RFC initiated for Simple Spectral Access protocol

Mon Jun 25 03:56:16 PDT 2007

Dear SSAP document authors and DAL chairman,

Here you can find my analysis of some of the aspects of the current SSAP
document version.

Native data:
The document claims that any native data can be used in the SSAP server
implementation. In the introduction, we can find:

[…]Spectrum datasets may conform to a standard data model defined by
SSA, or may be native spectra with custom project-defined content[…]

[…]Hence spectra may be actively mediated to the standard SSA-defined
data model at access time by the service, so that client analysis
programs do not have to be familiar with the idiosyncratic details of
each data collection to be accessed[…]

However, the document fails to explain how this mediation can be done
using native data. I explain here some examples of why the document
cannot be used as a protocol specification for this issue:

- The only way to allow “analysis programs” to “do not have to be
familiar with the idiosyncratic details of each data collection” in the
current SSAP spec is through the use of the output field
Dataset.DataModel. 

Apart from the examples (Spectrum 1.0, HST-STIS-1.0,…) there is no
explanation of how this can work. What does it mean? Do I have to
publish somewhere the data model to describe my data? What is the format
of this data model for data description? How is the mediation done for
the client?

If there is no standard for that, the only way for a VO client to handle
new data formats is, either by human interaction (that implies a
selection by the user on the display, which, sometimes, requires human
knowledge of the data format and it is not very efficient if you want to
load many spectra from different sources or if you are using a non-
interactive application), or by checking the files distributed every
time a new SSA server is registered and creating a special parser for
all the file formats (and yes,… in many occasions you can have more than
one data format per server) 

This last method (special parsers by server) is how it worked before the
VO era, and this is something we should prevent.

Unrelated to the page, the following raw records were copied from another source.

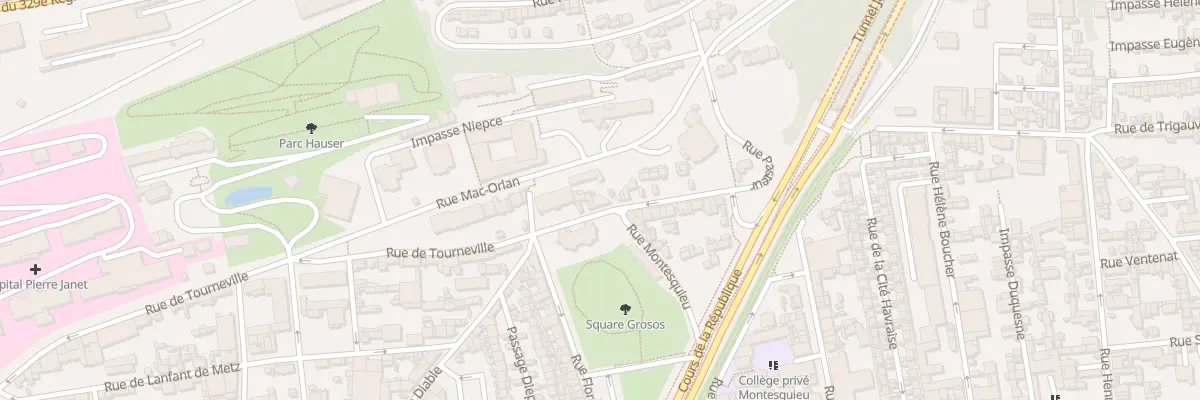 Plan du 107 Rue de Tourneville au Havre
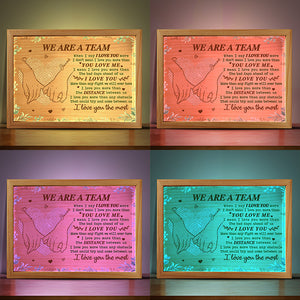 Je t'aime le plus - Cadre photo personnalisé pour couple - Cadeau pour mari et femme, anniversaire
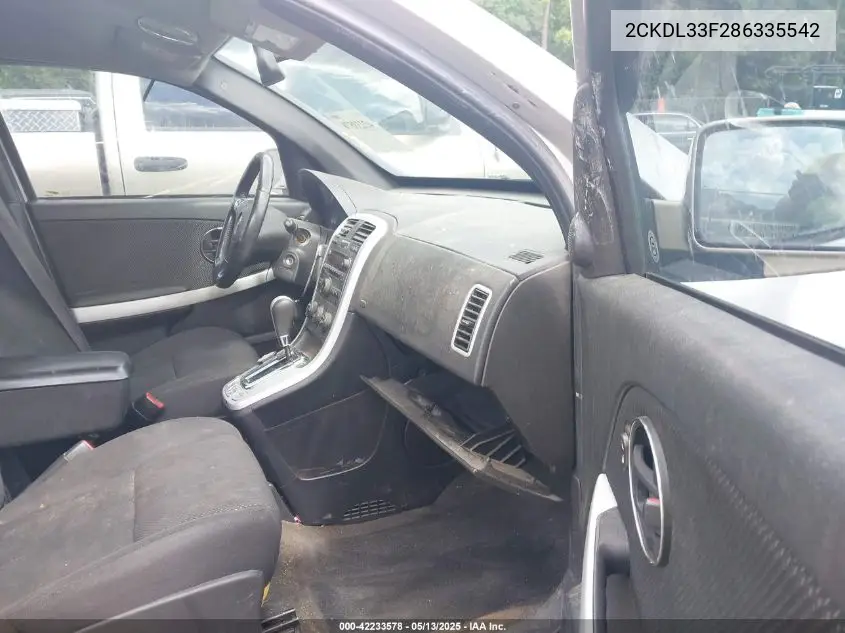 2008 Pontiac Torrent VIN: 2CKDL33F286335542 Lot: 42233578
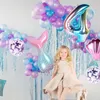 Party Decoration 32inch Little Mermaid Balloons Number Foil Balloon Wedding 1st Birthday Kids Baby Shower Helium Globos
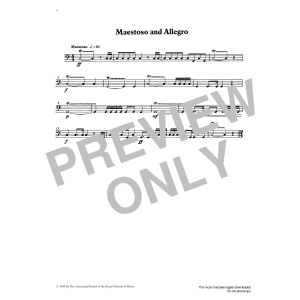 Maestoso and Allegro from Graded Music for Timpani, Book II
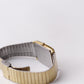 1985 Seiko Quartz Golden Tank Style Men's Wrist Watch W/Box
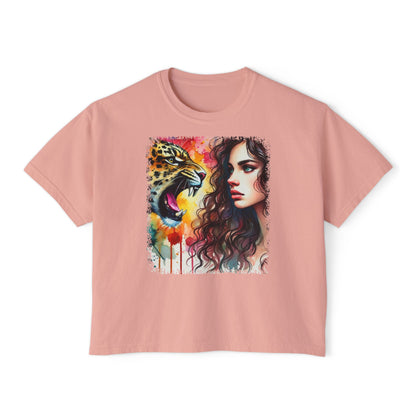 PERSONALIZE The Calm Before the Sprint - Oversized Boxy Fit Graphic T-shirt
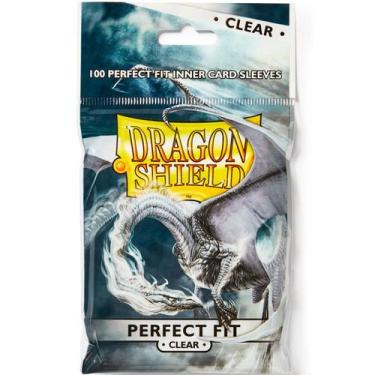 Imagem de Sleeves Perfect Size Fit Standard 100 Protetores Dragon Shield Magic P
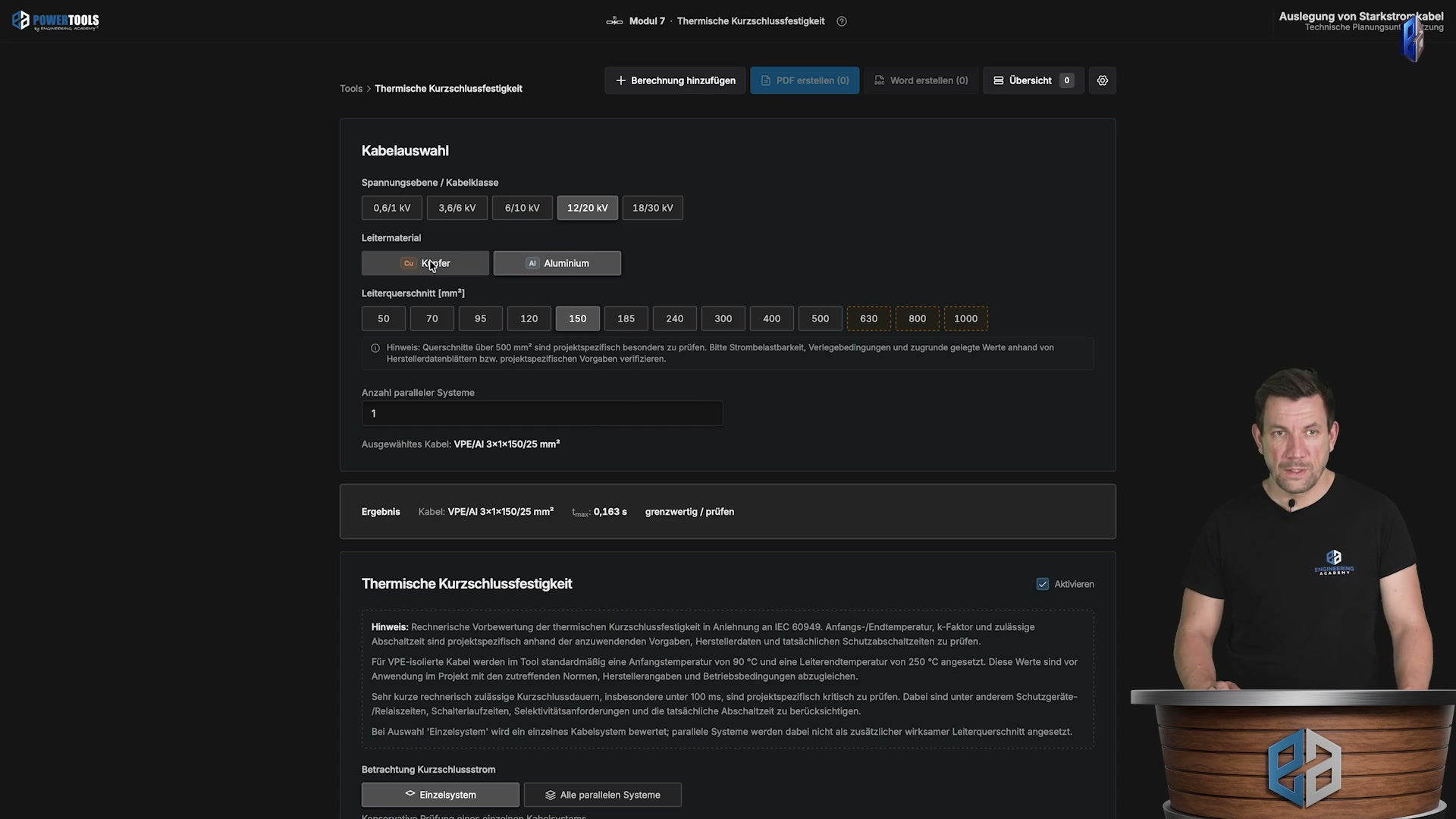 Thermische Kurzschlussfestigkeit prüfen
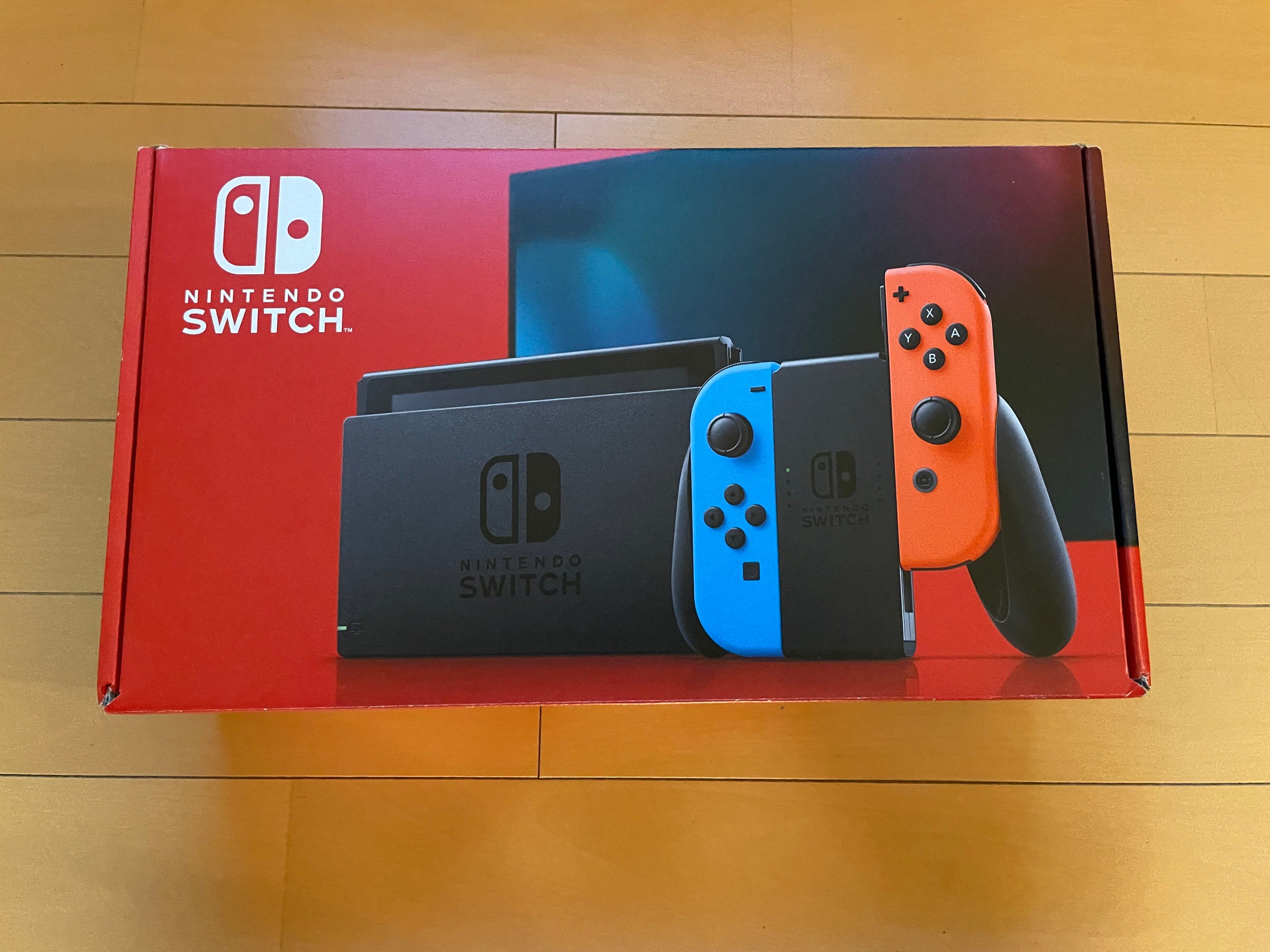 Nintendo Switch Neon blue/Neon red (Models with longer battery life)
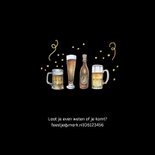 Uitnodigingskaart bier foto 2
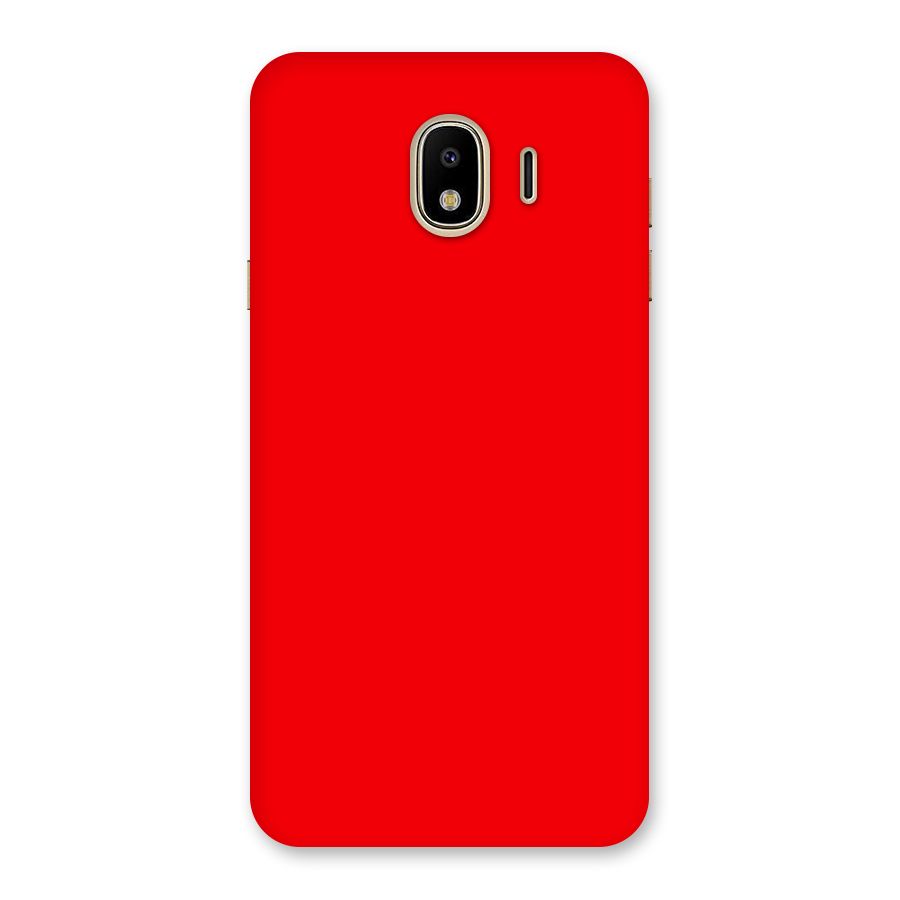Bright Red Back Case for Galaxy J4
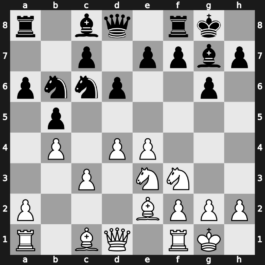Moscow 1975 – Round 1 – Lengyel, Laszlo – 0-1 – Hort, Vlastimil – G50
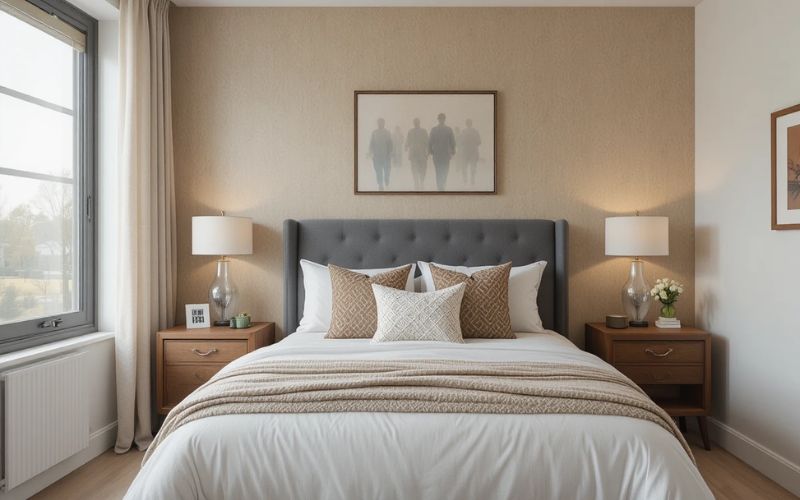 Add a Statement Accent Wall Guest bedroom look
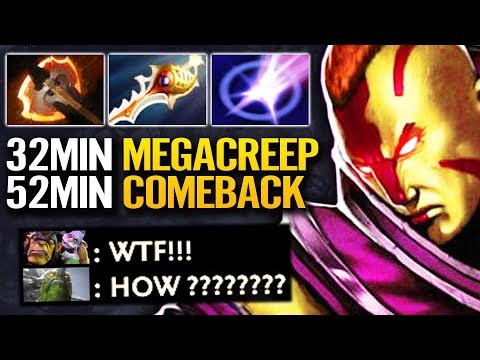 DIVINE Anti-Mage 20+ Mins Defend Megacreeps TOP 10k MMR Dota 2 gameplay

- When Pedro and I designed/implemented the first spectral access server
in the IVOA, we immediately realized that the self-description of the
data in the SSA response was crucial. We decided to add some fields that
give support to spectra in tabular format so the application can deal
with that data in a basic way without human interaction. We started with
spectra in tabular data because it is the most standard and it allows an
easy axis characterization. 

A couple of fields that are used in the present SSA services to
characterize, in an automatic way, the data model for native data,
i.e., 
Dataset.SSA.SpectralAxis, 
Dataset.SSA.FluxAxis 

have disappeared (note that this idea can be easily extended to time,
errors, etc). These fields were present in version 0.91 but not now. 

The reason for this to disappear is claimed to be the following: these
fields are only useful for spectra in “tabular form” so it cannot
be defined what this means. 
I have to remark here that these fields can be used both for FITS
binary/ascii table format but, as you should know, for spectra in
VOTable format. In fact, Will O'Mullane developed a SSAP service for
SDSS data (that was one of the firsts present in VOSpec), and all the
theoretical spectral servers are in VOTable format. For this format, the
fields represent the name of the columns were the spectral coordinate
and the flux is stored. Unfortunately, it looks that the SSA service is
not longer maintained at JHU after Will´s departure.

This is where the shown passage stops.